Any Human Heart?


I didn't watch the dramatisation of this book on TV recently nor is it a book I would have purchased for many reasons, but it was a Christmas gift and I felt I should give it a go. One the whole I was glad I did... the colour of the characterisations, the narrative drive and overall quality of the writing was excellent, and it offers an interesting snapshot of the 20th century through the eratic, and at times erotic, journal entries of Logan Gonzago Mountstuart, a single lifeline woven through significant political and artistic events of that timeframe... without the whimsical, saccharine coated faux folk wisdom of a Forrest Gump or Benjamin Button...
The diary format is well used... There is a sense of a slightly different voice as the years go by... the format of the entries also changes, and I suppose it was interestiing to read this book which purports to be the private thoughts of a lesser known public figure, while I've been ruminating about the "public journal" function of my own blog.
However, those who have referred to this book in print and on internet forums as an "ordinary life" clearly live on a different planet from me and a lot of the other inhabitants of the UK/world.
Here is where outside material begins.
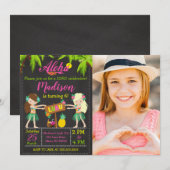 Luau Birthday Invitation Aloha Photo Invite Girl 招待状 (正面/裏面)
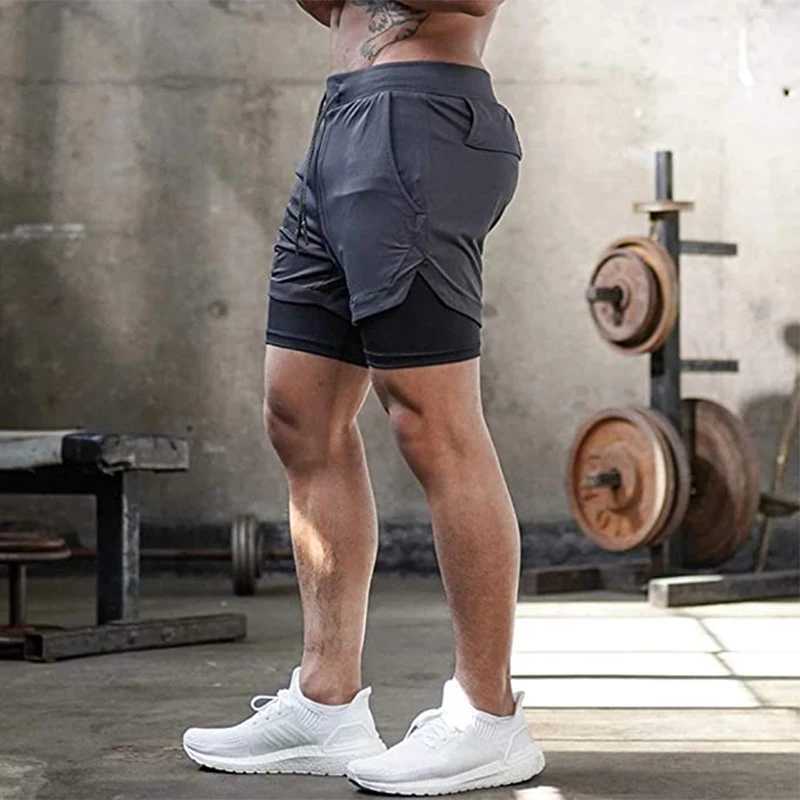 Mens 2 in 1 Running Shorts Quick Dry Athletic Shorts with Liner Workout Lightweight Shorts with Zip Pockets and Towel LoopXJ250213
Many of the references to authors and artists were to people whose names I didn't recognise, resulting in many trips to wikipedia to check whether they were real people or Boyd's literary inventions. Maybe that is a sign of my philistinism or a sign of the rarified world in which Boyd and his creation exists. The picaresque hero, Logan Mountstuart, or LMS as he is referred to in "editorial" comments and footnotes, is part of that priveleged elite that has dominated politics (and the arts) in Britain throughout the past century (and there seems no sign of that changing in the early years of the 21st) simply by dint of their birth and schooling...
And that is one of the reasons that I wouldn't have chosen this book for myself, and am no great lover of Evelyn Waugh, who in many ways seems the literary model for LMS. At the end of the day any interest I had in the life of LMS was simply to "see how it all turns out." I have no real point of reference for his priveleged and largely hedonistic lifestyle. There was only passing reference to spiritual matters, and that was more about the form rather than the substance of faith and religion, but I suppose that is a fair reflection of many people's attitude to matters of faith right across the social divide. Most of the book is about the pursuit of fame, fortune and females... Without spoiling the read for you, his selfishness is ameliorated with age... and ultimately, the big lesson of his life seems that for all his achievements and romantic conquests real relationships are what ultimately matter.
Is that what is really true of any human heart?